TWENTY-EIGHT-YEAR-old Klint Miller looks you straight in the eye from across his desk at UP General Contracting in downtown Marquette. He’s ready for questions.
He’s just shut down his business after less than four years. A locked door, employees let go, building contracts unfulfilled, debts unpaid, some of them unpayable.
But he’s not running and hiding. He’s forthcoming, well-spoken, earnest, downcast, and chastened by what he’s just experienced.
A local boy, he started in construction as a 13-year-old, had success, and then in 2016, only in his mid-twenties, he was ready to start his own business, UPGC, out of his home. A young man on the rise.
In 2017, he found the resources to move his growing company to an office on Washington Street.
“2016 had been a great year,” he says. “2017 showed steady growth, and in 2018, we had big volume.”
UPGC did almost $4 million in business in 2018. The company had up to 20 employees at one point. Not only that, but Remodeling Magazine that year selected UPGC as one of the “Remodeling Big50”–an award for its standards of professionalism and integrity.
Everything seemed perfect except…
“It came to my attention that we had a problem with finances,” he says. “We’d lost some control of our accounts receivables, we had a cash flow problem.”
Who exactly was responsible for the problem? He won’t name names, and he admits, as CEO, he had to take responsibility and try to remedy the situation.

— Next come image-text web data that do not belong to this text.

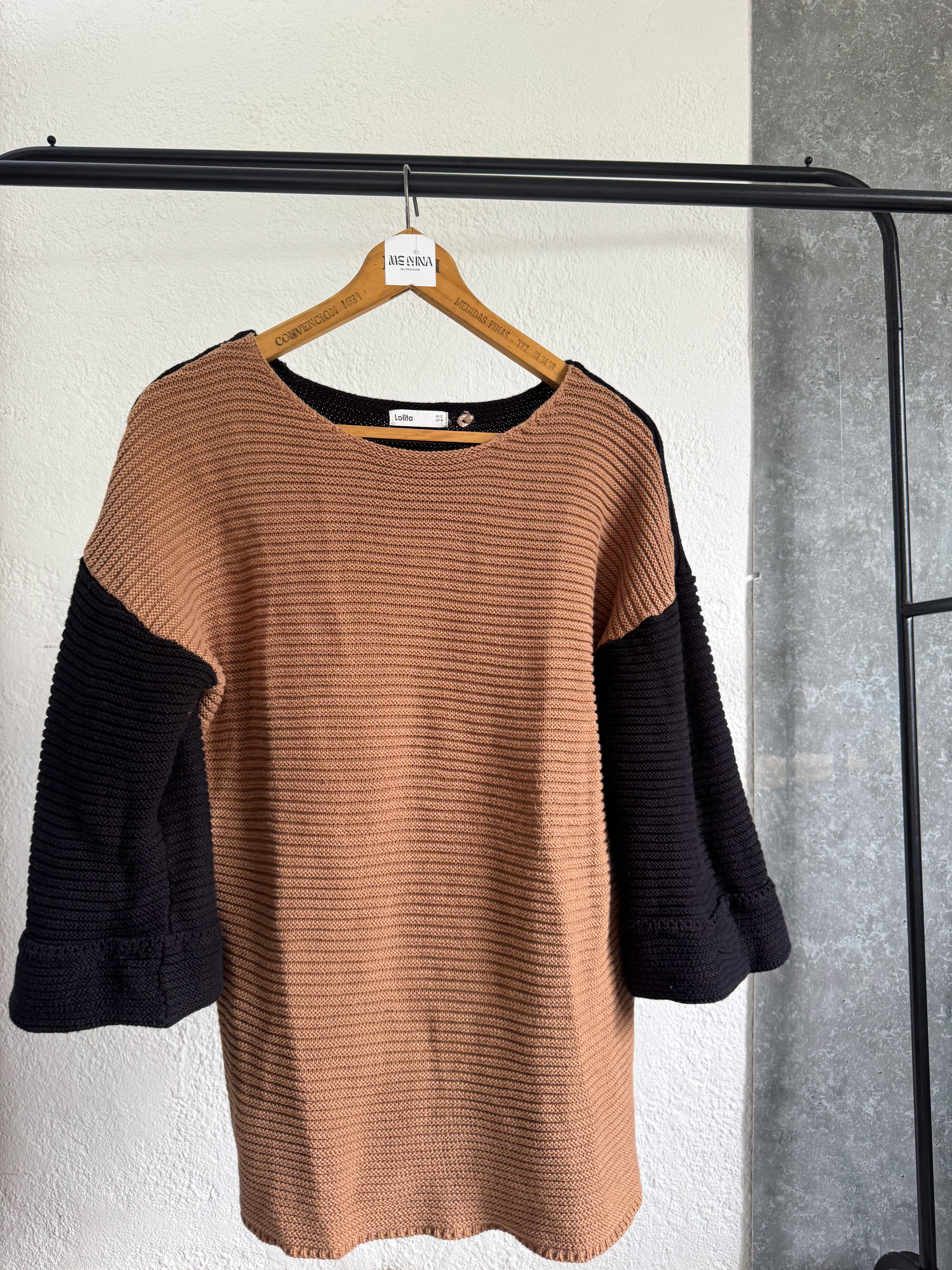 Buzo Lolita marrón y negro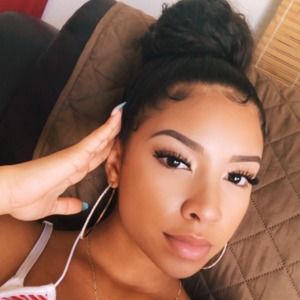 Meet your Posher, Sofia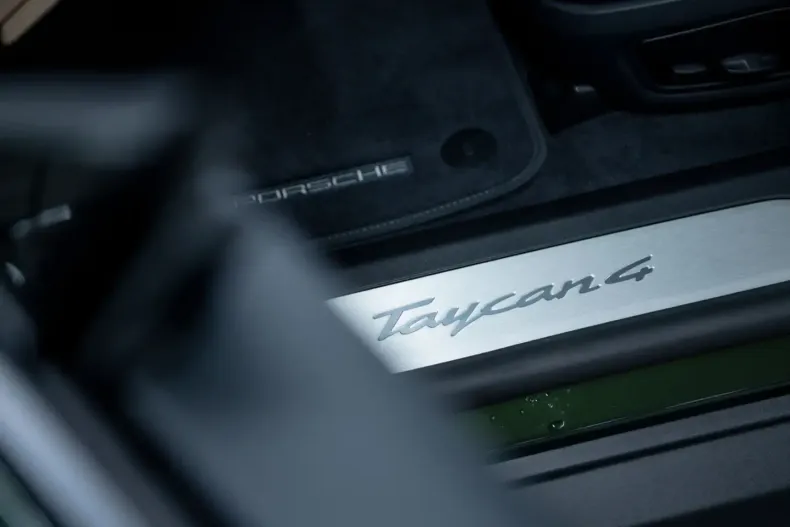 Porsche Taycan din 2024 cu 28.574 km - oferta POR152932 - foto 14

Klint Miller was riding high as a young business owner, but then things went south.
“I thought I could fix it,” he says. “I took out some high interest loans but things began to snowball. Some projects weren’t as profitable as we expected, and then some of our clients started buying their own materials because they weren’t happy with us.”
“To make our home livable, we had to take out a second mortgage to pay his subcontractors for fear of liens,” a Gwinn homeowner explains. She didn’t want to be publicly identified pending possible legal action. “He (Miller) walked away with $70,000 of our money, and our home and garage have still not been inspected and sided to completion.”

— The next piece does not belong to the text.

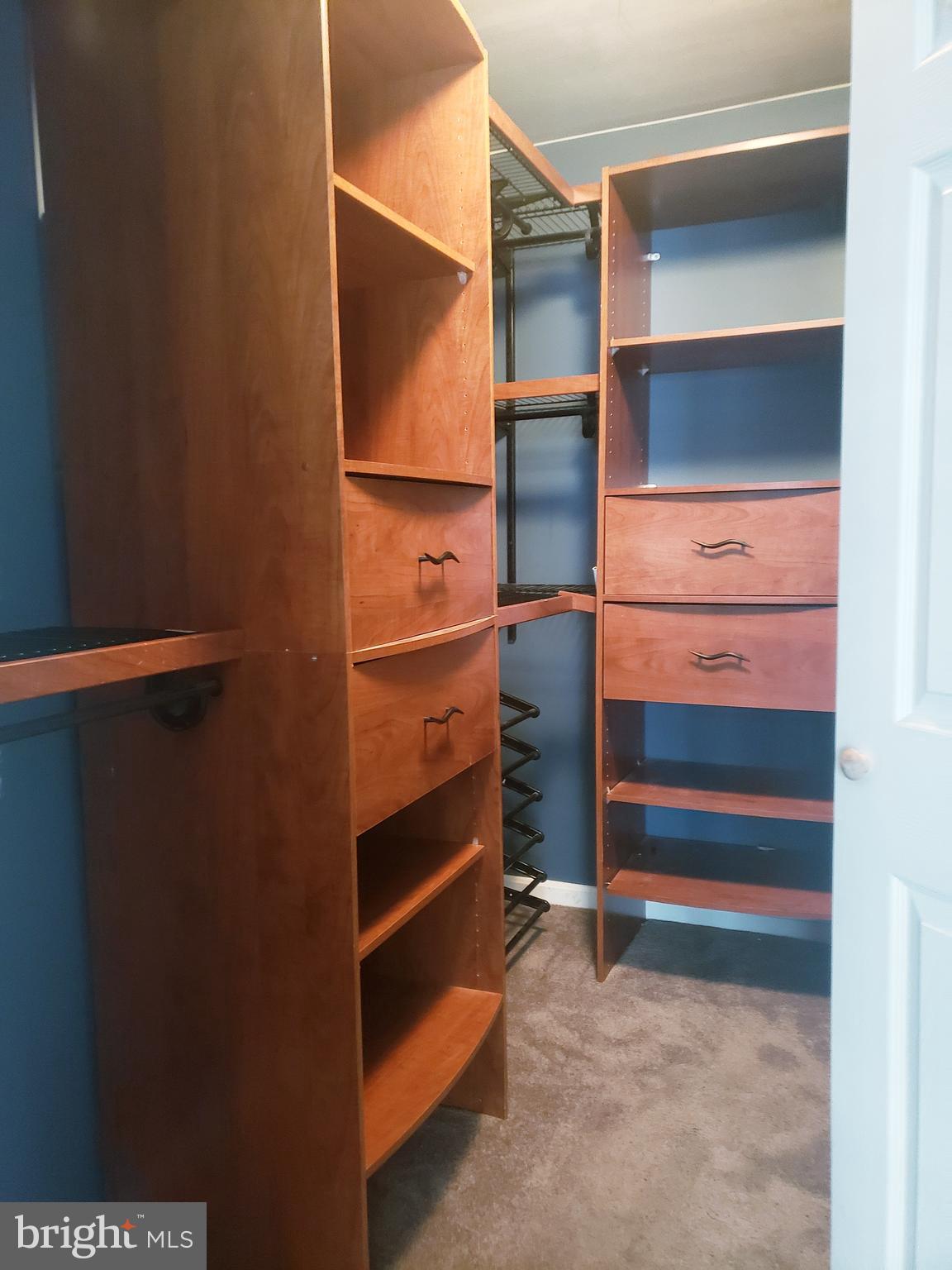 OCCOQUAN POINTE CONDO - Residential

“We kept giving them money and only minimal work was being done,” says Jennifer Risch of Wisconsin. She and her husband hired UPGC to build a high end log cabin in Alger County. They finally gave up on the company and hired another contractor. “We’ve literally cried on the phone with other customers (of UPGC) who went through the same experience.”
Both Risch and the Gwinn homeowner say there are several other UPGC clients with the same story–cash handed over to the company, jobs not done or done negligently…resulting in frustration, anger, and a loss of hard-earned money. Lawsuits are being discussed.
And then this, from Alger County building inspector Joe Cilc who’s inspected some of the UPGC homes: “They (UPGC) have had problems all along with construction and with permitting. I’m not sure they knew what they were doing.”
Miller, clear-eyed and soft-spoken, says he understands his customers’ frustrations.
“I hate the situation I left these people in,” he tells you quietly. “But there’s nothing I can do because I don’t have any money. I hope these people (the customers) have some grace in their hearts.”
He and his wife have signed over their home as collateral for the loans, they’ve maxed out their credit cards.
And…they have five children at home. His wife is a stay-at-home mom.
An uncertain future, to say the least, for the Miller family, as Klint goes through the process of dissolving the company and liquidating the assets. He tells you he’s also doing his best to try to link up his unhappy customers with contractors who might be able to finish the job. But of course, that will come at additional cost to them.
And so, as we finish the conversation with Miller, we ask, “What have you learned through this experience? What would you do differently?”
“I would start out smaller and I would be more careful hiring people,” he replies.
But of course, the ultimate responsibility lies with him. He started the company, he hired his employees, he assured his customers he’d get the job done, he took their money.
The arrogance of youth? Unchecked ambition? Naivete? Negligence? A touch of greed?
Perhaps all of them.
And at the end, what remains are angry customers, unemployed workers, a broken young man and his family, and a locked door to a failed business.